Three-person IVF may also be used to prevent the inheritance of mitochondrial diseases. Mitochondria is found in an egg cell’s cytoplasm and carries its own DNA. This DNA is separate from chromosomal DNA. Babies inherit all of their mitochondrial DNA from the female egg, so if a woman carries a mitochondrial mutation, her baby will likely inherit it. Mutations in mitochondrial DNA can lead to severely debilitating and/or fatal conditions. By using the mitochondrial DNA from an egg donor and the chromosomal DNA from the intended mother, physicians and scientists may be able to help women with mitochondrial mutations conceive healthy children. Three-person IVF for mitochondrial diseases is currently legal in the United Kingdom.

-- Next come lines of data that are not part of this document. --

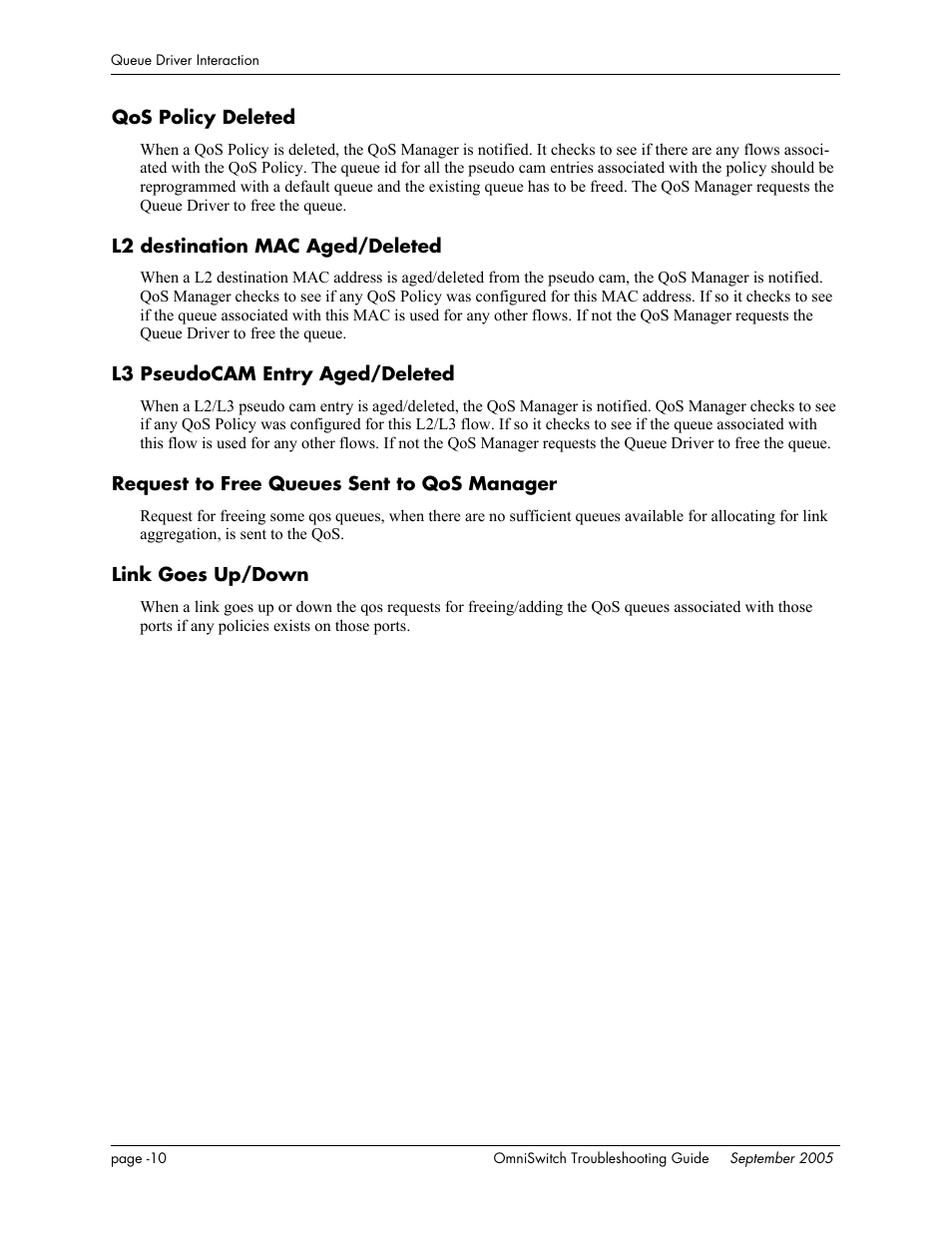Qos policy deleted, L2 destination mac aged/deleted, L3 pseudocam entry aged/deleted | Request to free queues sent to qos manager, Link goes up/down | Alcatel Carrier Internetworking Solutions 6648 User Manual | Page 334 / 614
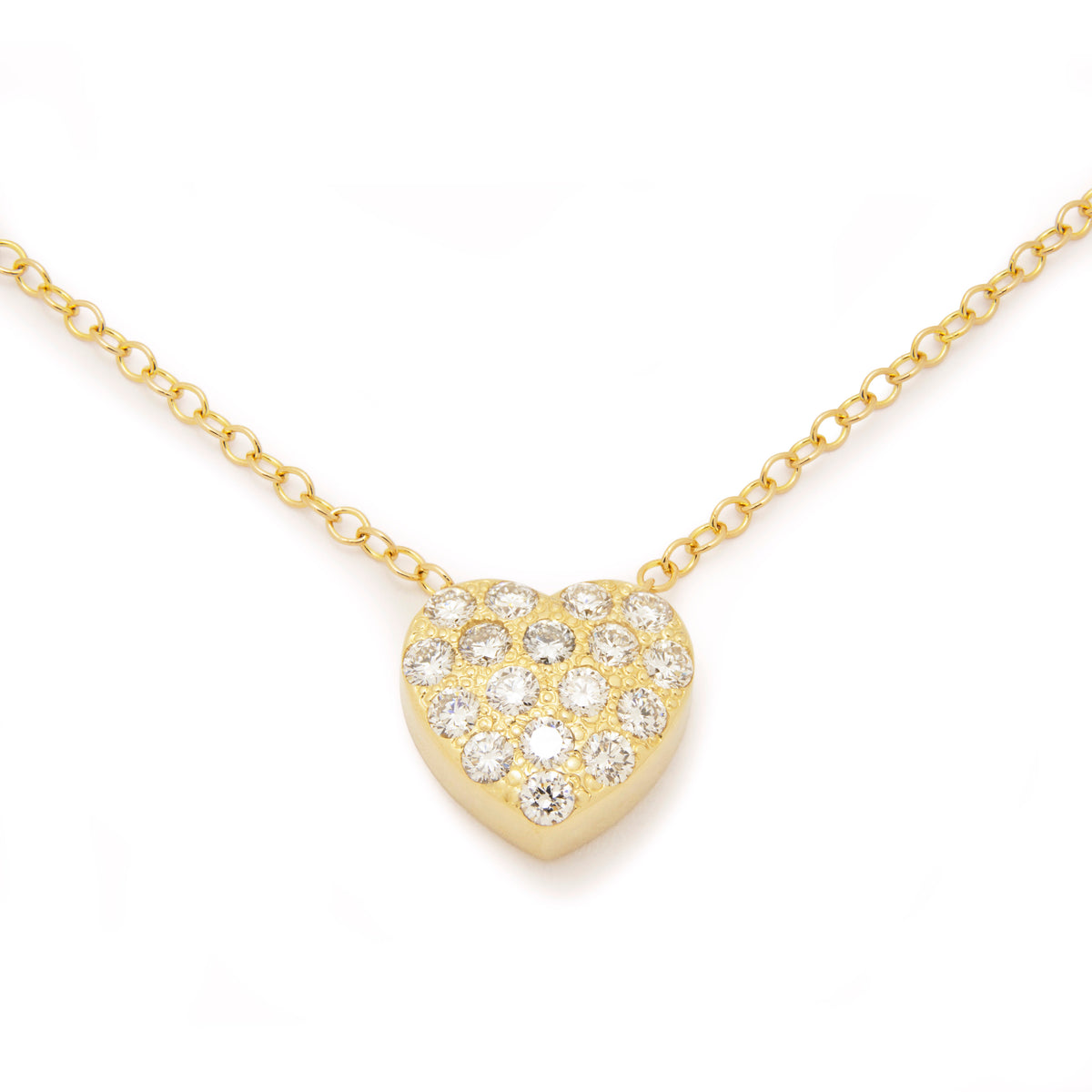 NG4787 Dainty Gold Necklace with Diamond-Studded Heart Pendant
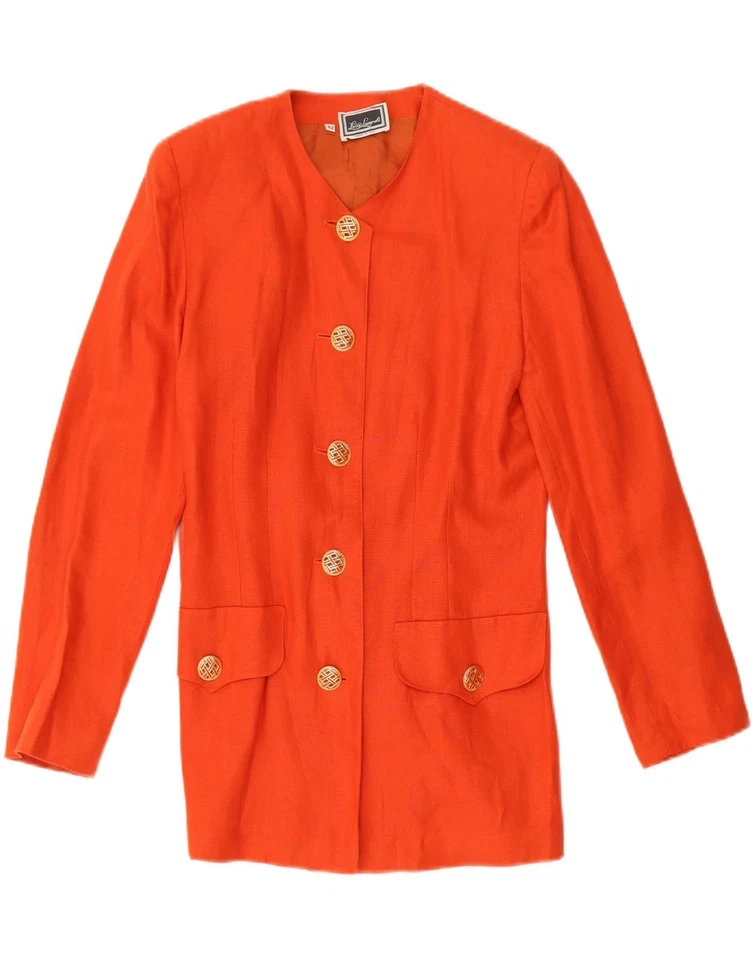 LUISA SPAGNOLI Womens 5 Button 2 Piece Skirt Set IT 42 Medium W28 Orange AW12 - Image 2 of 4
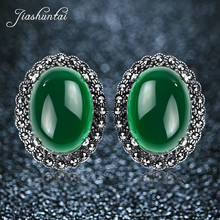 ZHJIASHUN Retro Natural Chalcedony Agate Clip Earrings 100% 925 Sterling Silver For Women Gemstones Stud Earrings Jewelry 2024 - buy cheap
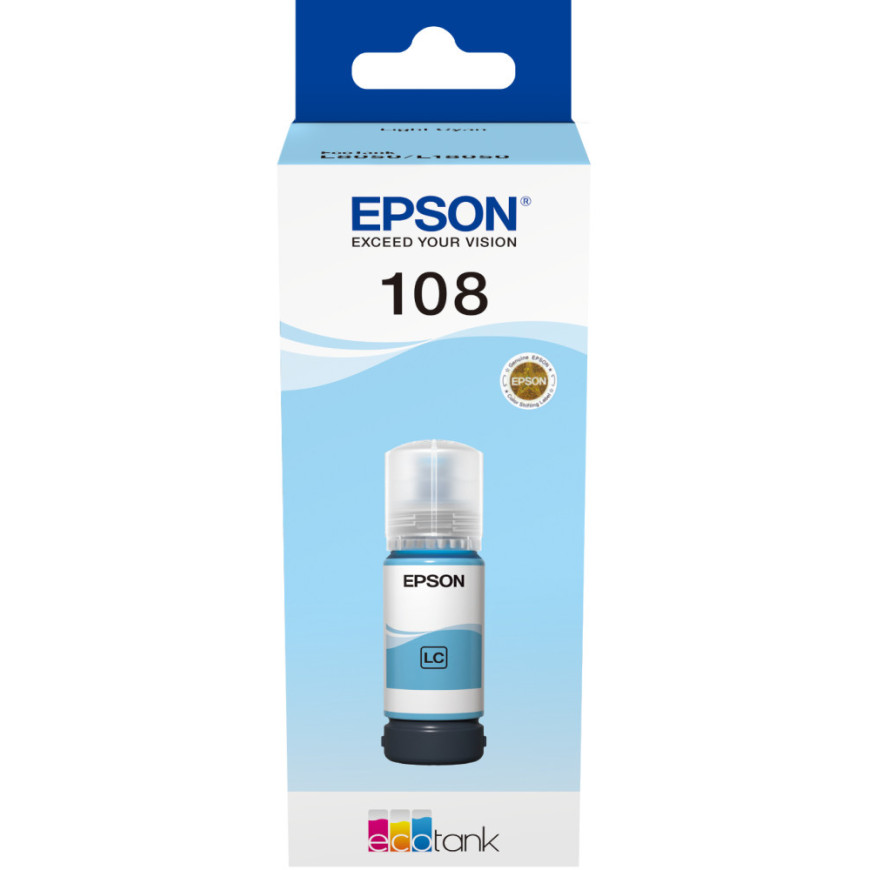 Bouteille d'encre Epson 108 cyan clair - Epson EcoTank d'origine (C13T09C54A)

The plan of the pilot trial in Greece is to enroll 25 women under the age of 40 who failed to conceive with traditional methods of IVF. This would be the largest trial of three-person IVF to date. The researchers plan to monitor the health of all of the babies born from the study until they are 18 years old. The goal of the study is to provide some data regarding the safety and efficacy of the procedure and the long term side effects.
To date, more than 35 live births from three-person IVF have been reported world-wide. Since the procedures were performed in different countries and different facilities with differing techniques, it is difficult to obtain meaningful data on the procedure’s safety and efficacy. The trial in Greece may help us better understand the implications of this controversial fertility treatment.